By Mark Chancey and Marc Zvi Brettler. Chancey is a professor of religious studies at SMU Dallas. Brettler is the Bernice and Morton Lerner Distinguished Professor in Judaic Studies at Duke University
The Ten Commandments bill passed through the Texas State Senate last month faster than the Hebrews through the Red Sea. The bill, which requires public schools to display the commandments, is now under consideration in the House. Its journey thus far has revealed considerable confusion about the commandments, the Constitution, and the “Thou shalts” and “Thou shalt nots” of religious freedom.
That confusion was evident from the moment Sen. Phil King (R-Weatherford) introduced it. The commandments are a foundational “American tradition,” King argued. “If you go to the U.S. Supreme Court you’ll also notice when you walk in, as an establishment of its role in law and liberty, the Ten Commandments is posted above the Justices and in the doors.”

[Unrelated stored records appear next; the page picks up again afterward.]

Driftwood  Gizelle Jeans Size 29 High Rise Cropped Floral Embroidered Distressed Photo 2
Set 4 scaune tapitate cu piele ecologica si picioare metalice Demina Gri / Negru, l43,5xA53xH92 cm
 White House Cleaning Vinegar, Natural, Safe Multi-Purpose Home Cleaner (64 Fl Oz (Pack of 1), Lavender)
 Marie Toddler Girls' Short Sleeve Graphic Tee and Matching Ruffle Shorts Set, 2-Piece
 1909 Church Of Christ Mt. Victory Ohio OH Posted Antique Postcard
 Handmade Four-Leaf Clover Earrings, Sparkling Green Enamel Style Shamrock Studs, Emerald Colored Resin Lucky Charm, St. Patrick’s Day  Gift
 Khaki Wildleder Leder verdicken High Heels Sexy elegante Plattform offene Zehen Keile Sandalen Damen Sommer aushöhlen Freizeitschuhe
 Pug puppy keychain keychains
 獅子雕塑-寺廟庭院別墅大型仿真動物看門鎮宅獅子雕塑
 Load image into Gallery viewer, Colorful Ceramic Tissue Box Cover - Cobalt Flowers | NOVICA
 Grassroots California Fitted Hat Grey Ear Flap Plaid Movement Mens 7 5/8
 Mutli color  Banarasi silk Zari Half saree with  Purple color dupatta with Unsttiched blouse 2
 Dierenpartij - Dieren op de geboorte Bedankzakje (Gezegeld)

King was correct about the doors of the Supreme Court Chamber, which bear a symbol of the commandments. But he was wrong about the image above the Justices. He could only have had in mind a tablet numbered one to ten on the chamber’s East Wall Frieze. But the frieze’s sculptor, Adolph Weinman, identified that tablet as “the ten amendments to the Constitution known as the Bill of Rights.” The Justices deliberate under the Constitution, not the Ten Commandments, and the Constitution’s First Amendment prohibits any “law respecting an establishment of religion, or prohibiting the free exercise thereof.’’ A bill that promotes religious texts in public schools would seemingly fall into its “Thou shalt not” category.